● Requirement:
Leave the pictures out, and repeat exactly each line from the one that holds "Salle de bains" through the final line of the entries below.

(Exercise input Opens)

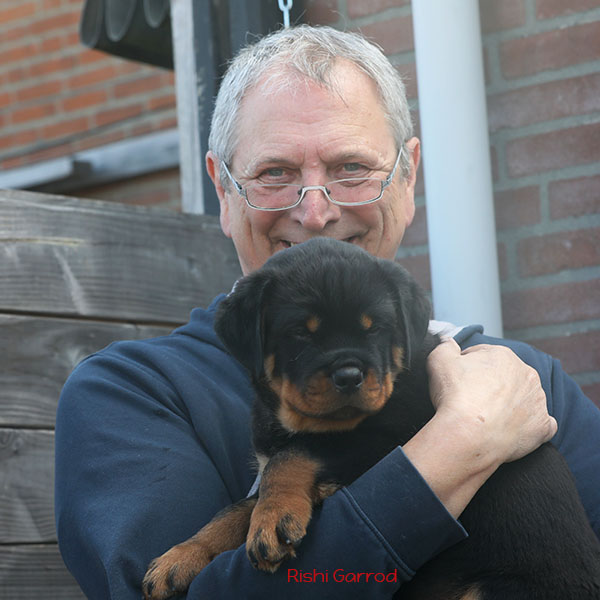 Z-nest week 8 pupfoto 8x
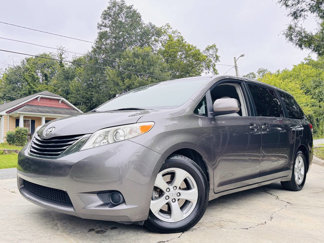 Used 2013 Toyota Sienna LE image 1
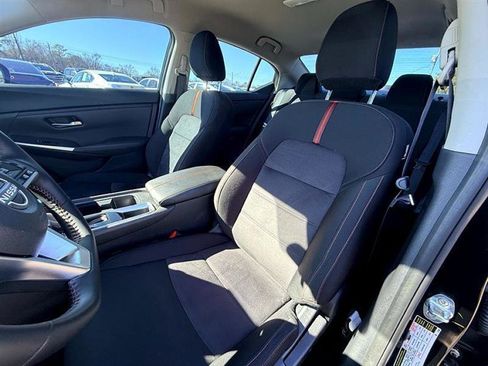 Used 2025 Nissan Sentra SR w/ Midnight Edition image 15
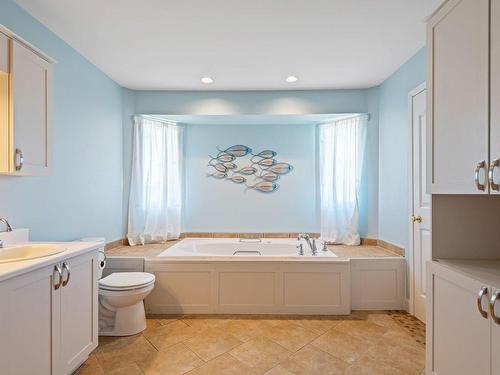 Salle de bains attenante Ã  la CCP - 280  - 282 Rue Des Rochers, Sainte-Adèle, QC - Indoor Photo Showing Bathroom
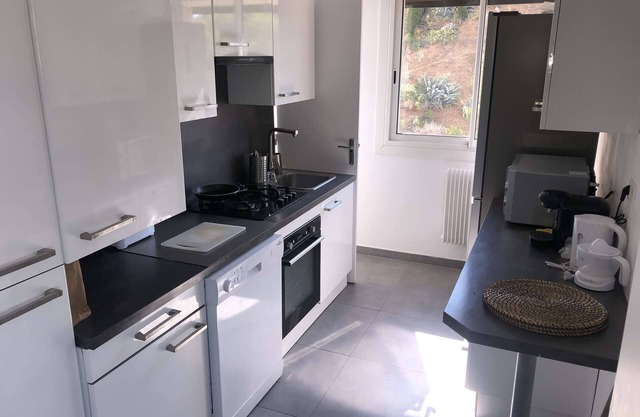 Large apartment Sea View Budget Controlled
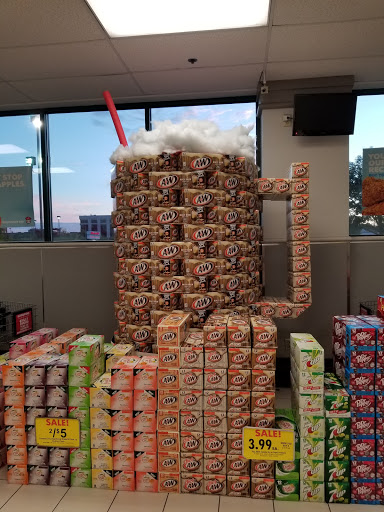 Grocery Store «Schnucks», reviews and photos, 200 N Vine St, Urbana, IL 61802, USA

(Exercise input Closes)

● Solution:
 Salle de bains attenante Ã  la CCP - 280  - 282 Rue Des Rochers, Sainte-Adèle, QC - Indoor Photo Showing Bathroom
 Large apartment Sea View Budget Controlled
 Grocery Store «Schnucks», reviews and photos, 200 N Vine St, Urbana, IL 61802, USA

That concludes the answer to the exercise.